***** Data provided *****

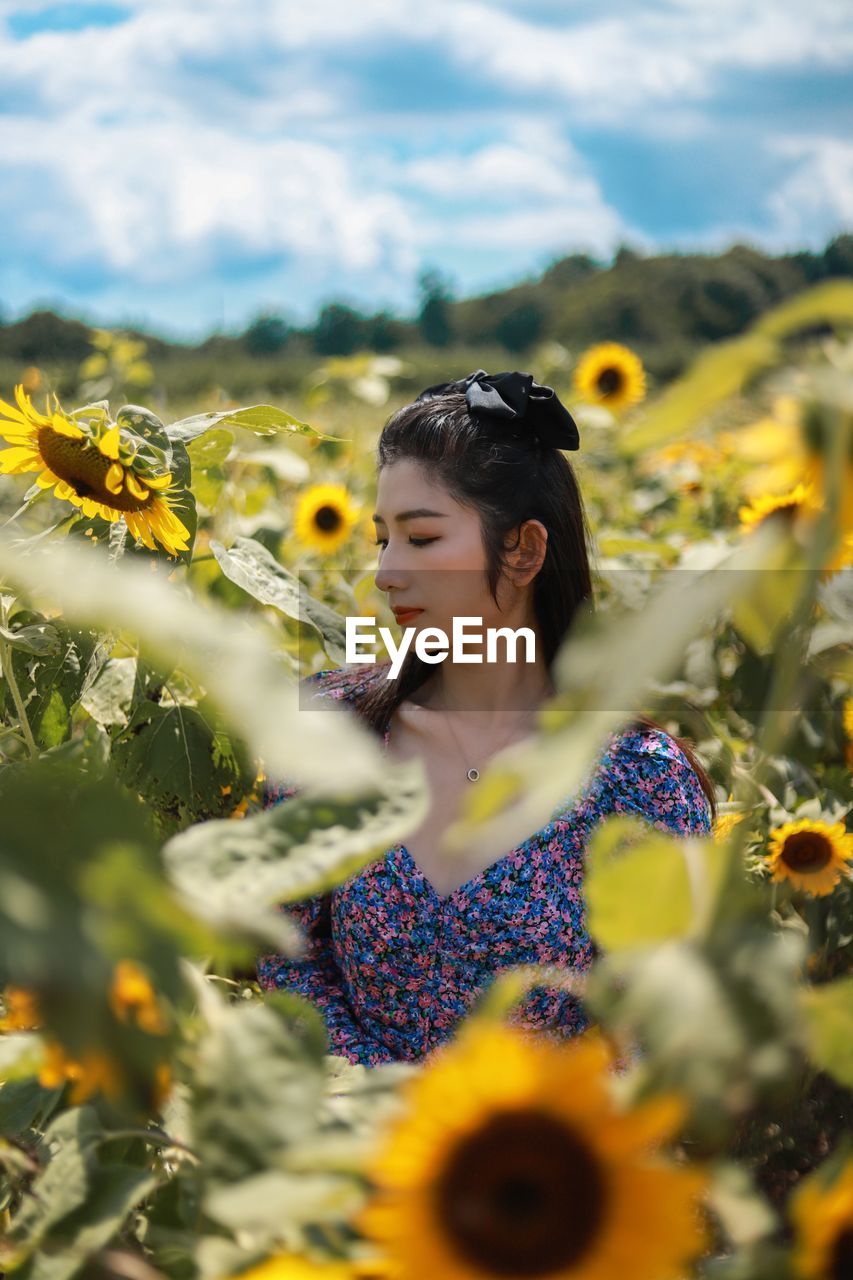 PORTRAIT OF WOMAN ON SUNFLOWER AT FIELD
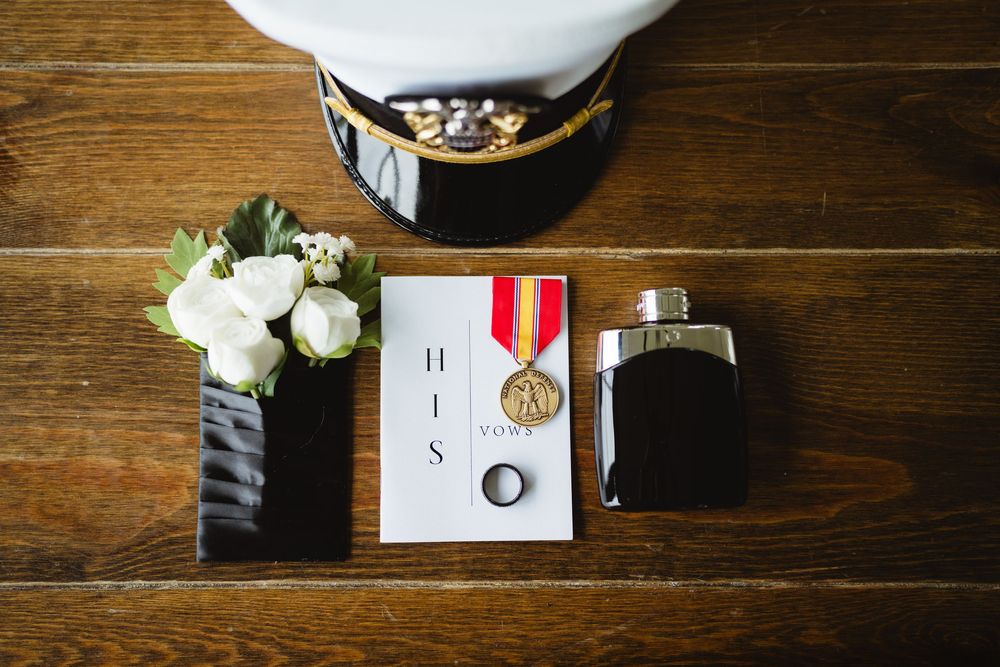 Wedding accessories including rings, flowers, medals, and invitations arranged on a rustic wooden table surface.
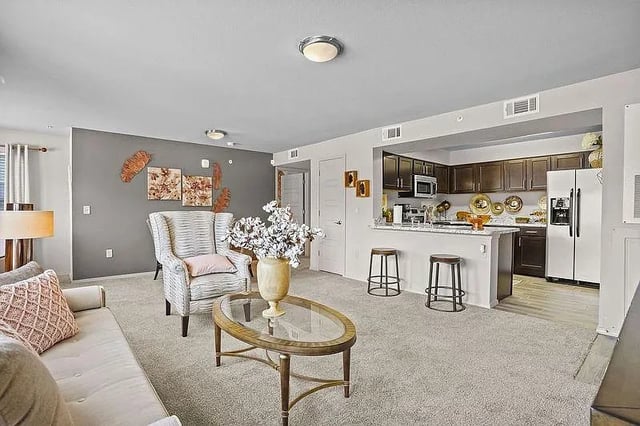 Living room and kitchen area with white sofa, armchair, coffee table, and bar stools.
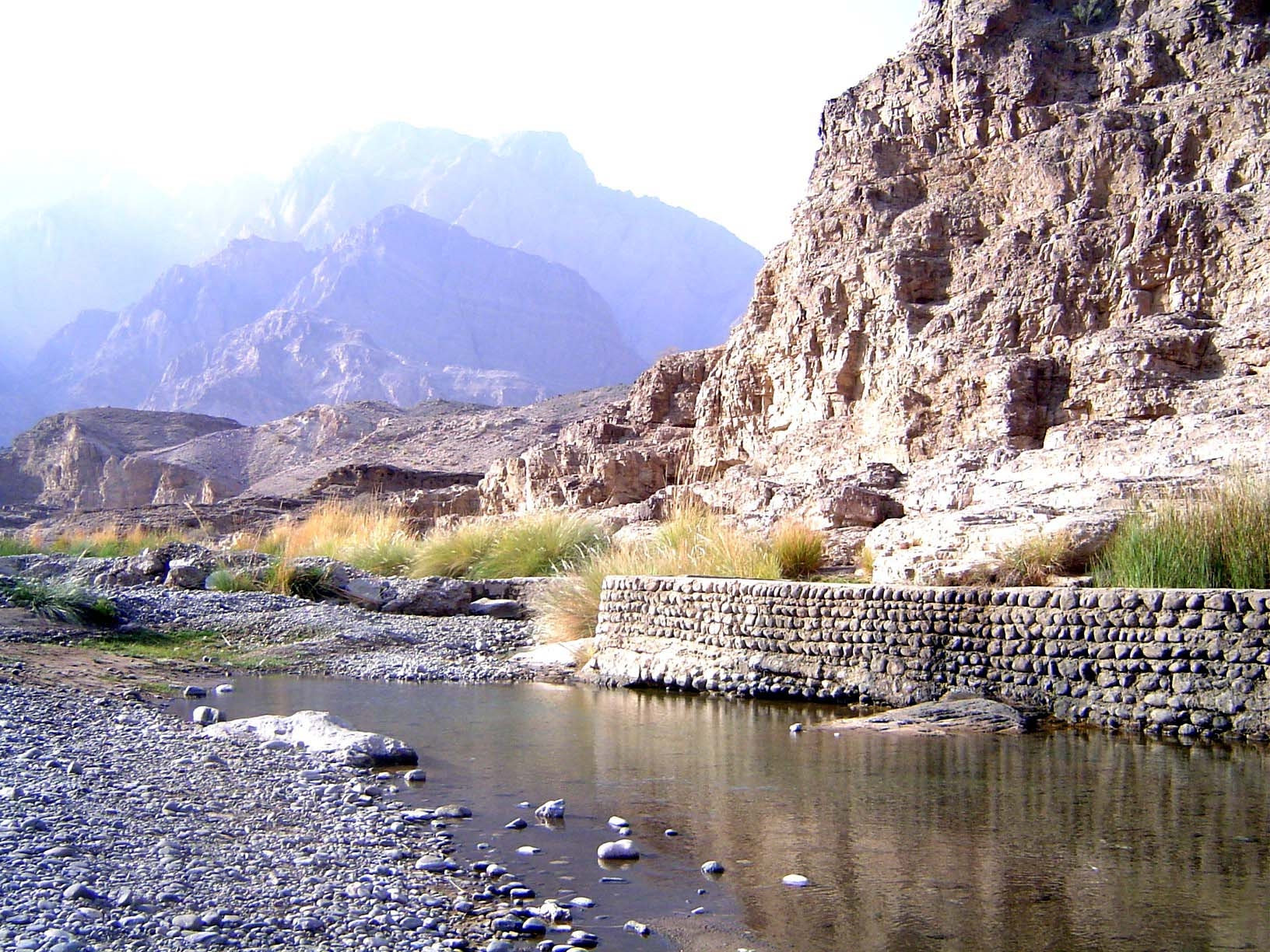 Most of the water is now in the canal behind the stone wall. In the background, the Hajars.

*****
***** Data provided *****

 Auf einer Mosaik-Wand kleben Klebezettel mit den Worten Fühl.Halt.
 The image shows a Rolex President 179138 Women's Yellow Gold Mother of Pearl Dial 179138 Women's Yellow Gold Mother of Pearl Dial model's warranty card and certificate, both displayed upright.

*****
***** Data provided *****

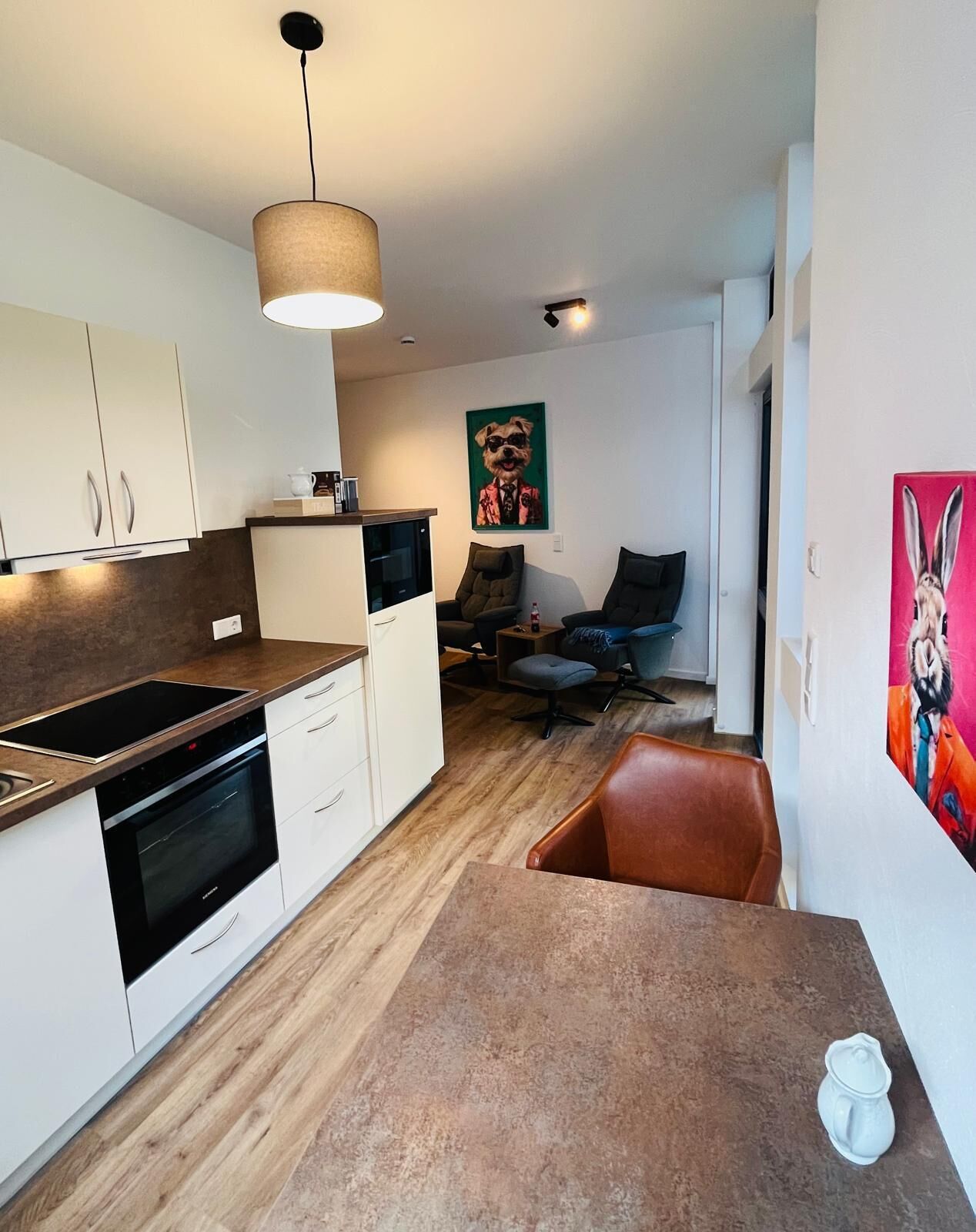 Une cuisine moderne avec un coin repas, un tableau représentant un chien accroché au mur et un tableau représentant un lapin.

*****

> [What the task requires]: In the listing above, find the line containing "PORTRAIT OF WOMAN ON SUNFLOWER AT FIELD" and the line containing "Most of the", then output those two lines and everything between them exactly as written, without the images.

> [Result of this task]:
 PORTRAIT OF WOMAN ON SUNFLOWER AT FIELD
 Wedding accessories including rings, flowers, medals, and invitations arranged on a rustic wooden table surface.
 Living room and kitchen area with white sofa, armchair, coffee table, and bar stools.
 Most of the water is now in the canal behind the stone wall. In the background, the Hajars.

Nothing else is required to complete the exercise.